Monday 8 September 2008

REVIEW OF LANG LANG'S AUTOBIOGRAPHY: JOURNEY OF A THOUSAND MILES: MY STORY


LANG LANG
JOURNEY OF A THOUSAND MILES: MY STORY
With David Ritz
Published by Spiegel & Grau


A mere 26-year-old Chinese pianist writing about his own life may seem like an act of superstar hubris. However Lang Lang is currently China’s new icon for the Beijing Olympics and classical music’s hottest property. His rags to riches story is an interesting and sometimes heartrending one.

Born in an air force barracks in Shenyang to a telephone operator mother and erhu-player turned policeman father, life was always going to be a difficult one in China’s single child family. When he showed a modicum of talent on the piano at the age of four, it was to be exploited to the hilt à la Mozart.

The chief protagonist was to be his father Lang Guoren, who is the epitome of competitiveness (being Number One was an obsession and mantra), kiasu-ness* and stage father of the worst kind. His harrying and brow-beating of the youngster is described in lurid detail.

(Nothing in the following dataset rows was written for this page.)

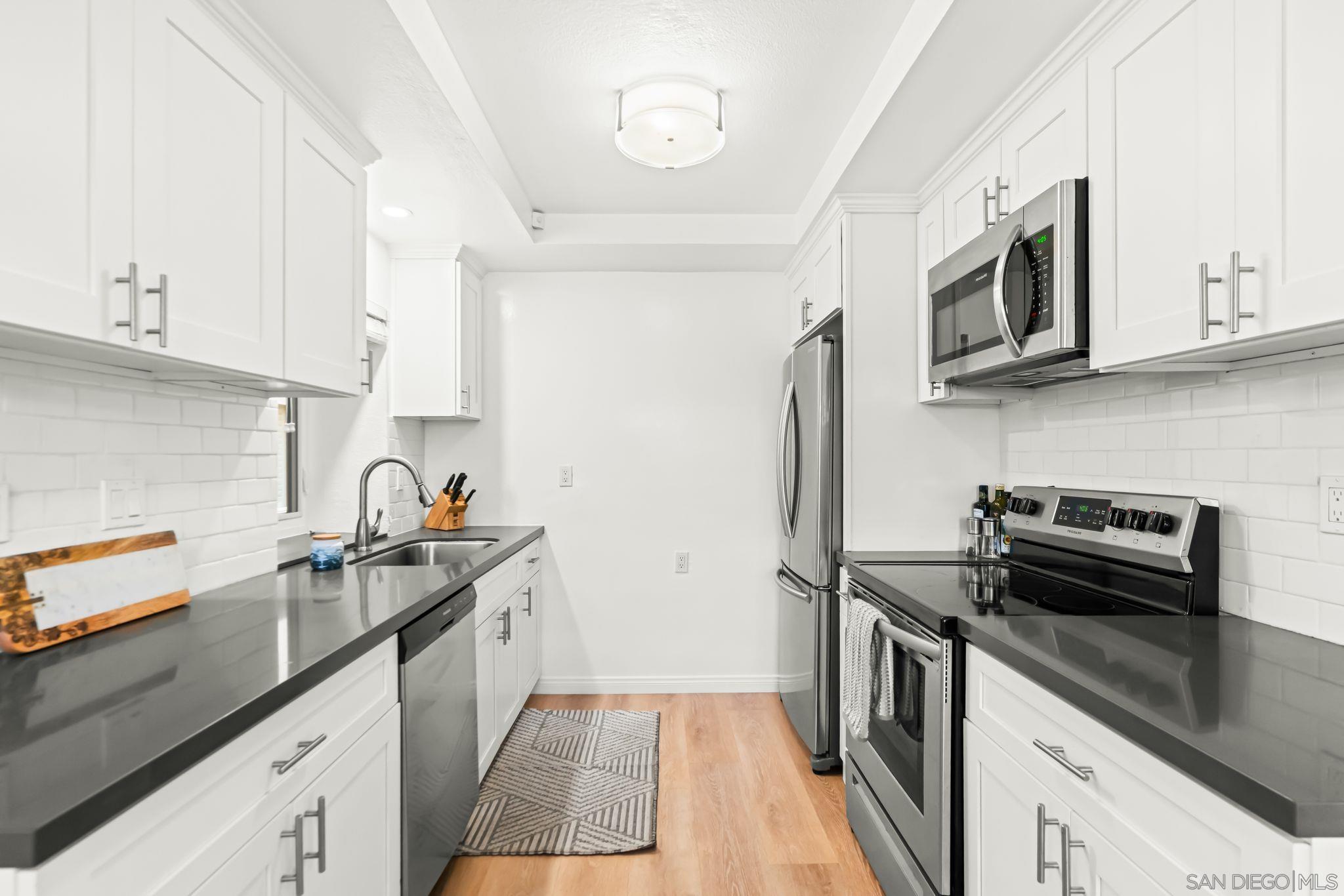 Detail Gallery Image 13 of 33 For 1324 S Pacific St  #4,  Oceanside,  CA 92054 - 2 Beds | 2 Baths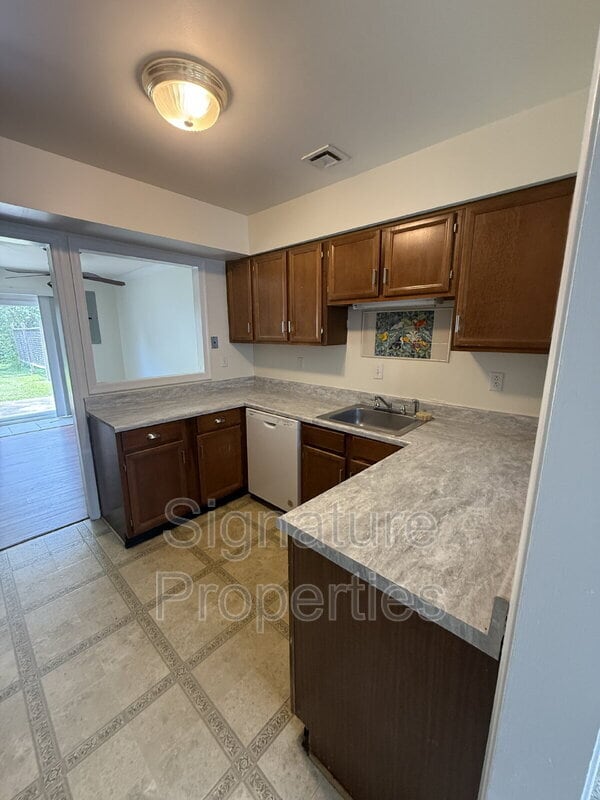 Building Photo - 913 Ewell Rd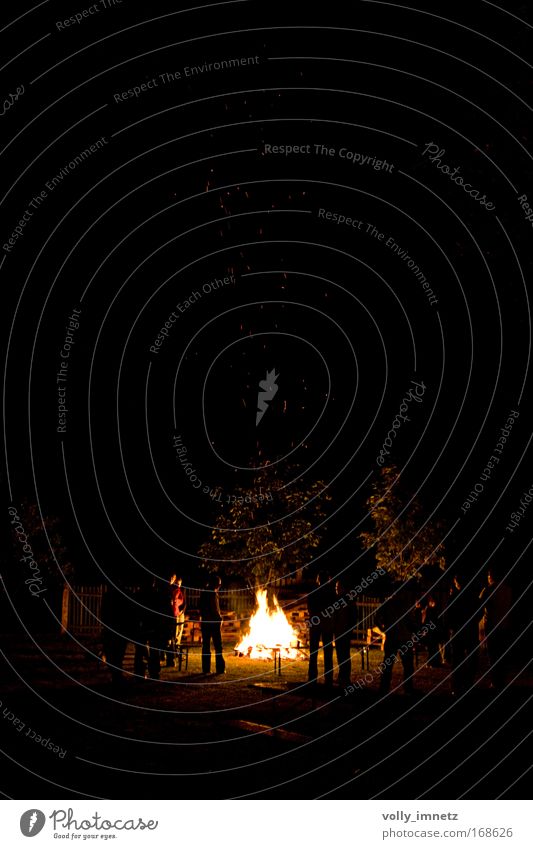 camp fire chief Colour photo Exterior shot Copy Space top Twilight Night Light Shadow Contrast Silhouette Light (Natural Phenomenon) Central perspective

The book seems to portray paternal (and maternal) love and over-arching ambition as the secrets to Lang Lang’s eventual success, but the truth is probably much more than that. A combination of phenomenal talent, digital dexterity, good luck, good timing, competition triumphs and genuinely caring mentors also played a big role. To his credit, his teachers Zhu Ya-Fen, Zhao Ping-Guo and Gary Graffman loom high in his account.

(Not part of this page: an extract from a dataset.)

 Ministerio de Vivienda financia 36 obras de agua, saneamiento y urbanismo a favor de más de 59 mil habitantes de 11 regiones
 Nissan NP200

No success story is without an element of opposition. One “Professor Angry” at the Beijing Conservatory is made to look like Villain No.1, fellow Chinese pianists are referred to as rivals, while scoffing music critics seem oblivious to his blinding “genius”. Like in Richard Strauss’ tone poem Ein Heldenleben (A Hero’s Life), the world of heroes and victors has little time for snivelling and green-eyed non-entities.

Ultimately, this appears to be a hurried attempt to cash in on Olympic euphoria and interest, as the final chapters skim through his concert life rather superficially and little is written about his best-selling recordings on Deutsche Grammophon.

His co-writer David Ritz (better known for his biographies about jazz musicians) seems to have little knowledge about the classical canon and the factual gaffes they make are quite risible.
*Kiasu-ness: Literally "afraid to lose out" in Hokkien (a Chinese dialect), commonly used term in Singapore to refer to competitiveness with its less savoury aspects, in particular a sore lack of graciousness.